The maker of electronic voting systems already has strengthened security by improving how the system handles passwords and by enhancing the encryption the system uses, the spokesman says.

The analysis of the voting system was conducted by RABA Technologies and made available on the Internet on Friday. The report concludes that while vulnerabilities exist, they can be fixed in time for Maryland's primary election in March.
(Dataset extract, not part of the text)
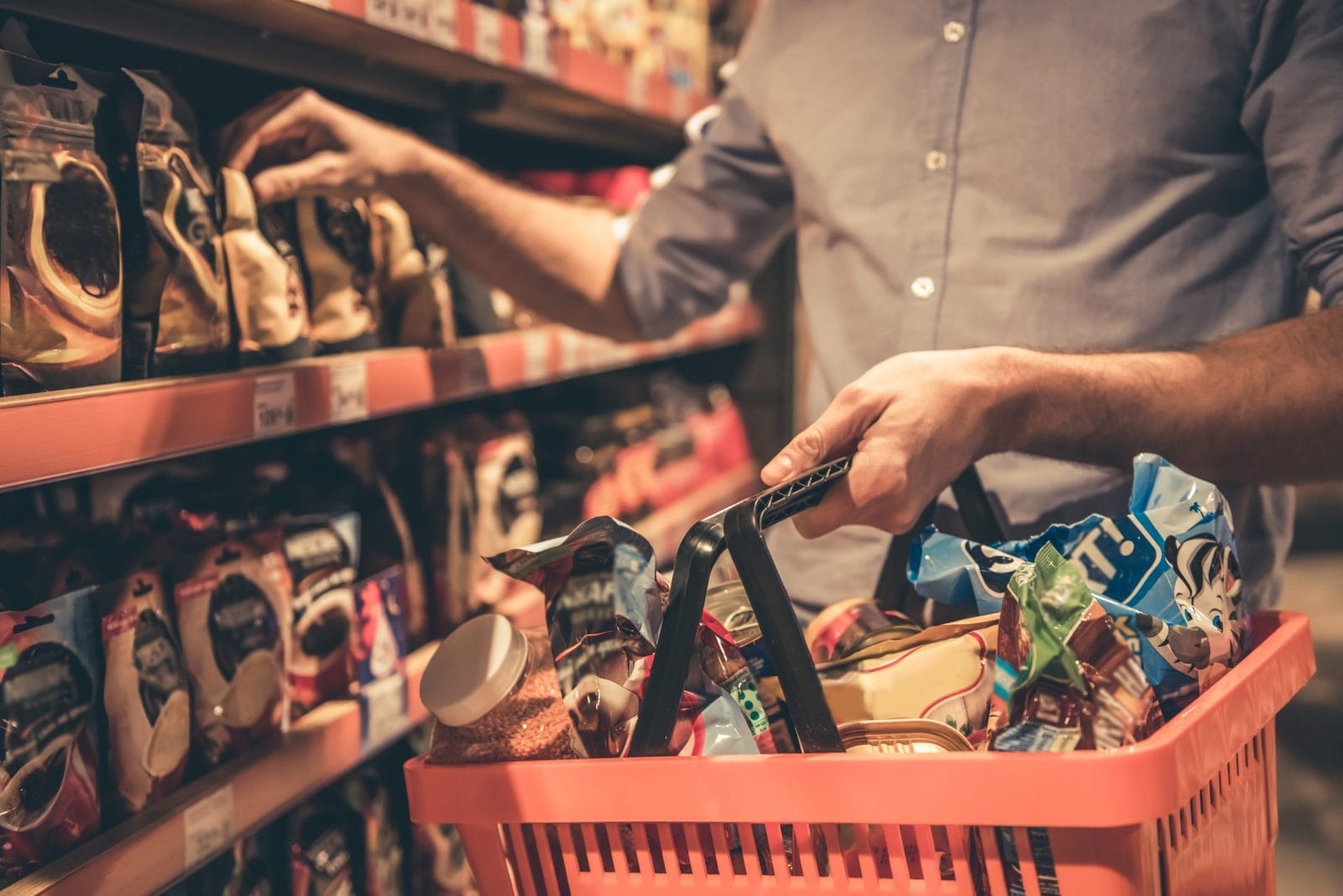 man with a market basket doing shopping at the supermarket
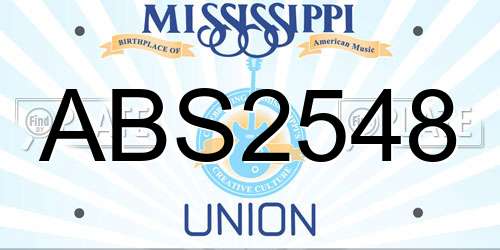 ABS2548 Mississippi License Plate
The report was prepared after RABA Technologies had security experts attempt to hack the system under actual election conditions.

Among the security concerns: Servers used in the test didn't have the most current Microsoft patches in place, leaving the systems up to potential attack. Also, easily guessed passwords made it possible to reveal the contents of smart cards used in the election process. Plus, the security team was able to use lock-picks to crack open a voting machine in about 10 seconds. The report also warned that someone using a standard handheld computer could alter the software to destroy or scramble results.

The report made it clear that all the vulnerabilities it cited could be fixed, but that an auditable paper trail of votes cast electronically should become a requirement.

"With all these near-term recommendations in place, we feel for this primary that the system will accurately render the election and is worthy of voter trust," the report stated. "However, between the March and November elections, we strongly feel that additional actions must be taken to mitigate increasing risks incumbent on a system that will receive broad scrutiny. Ultimately, we feel there will be a need for paper receipts, at least in a limited fashion."

Concerns raised about the security of electronic voting systems has sparked legislators at the state and federal levels to draft laws that would require auditable paper trails for all votes cast electronically. "It just makes sense to have something you can verify," says one state election official in California.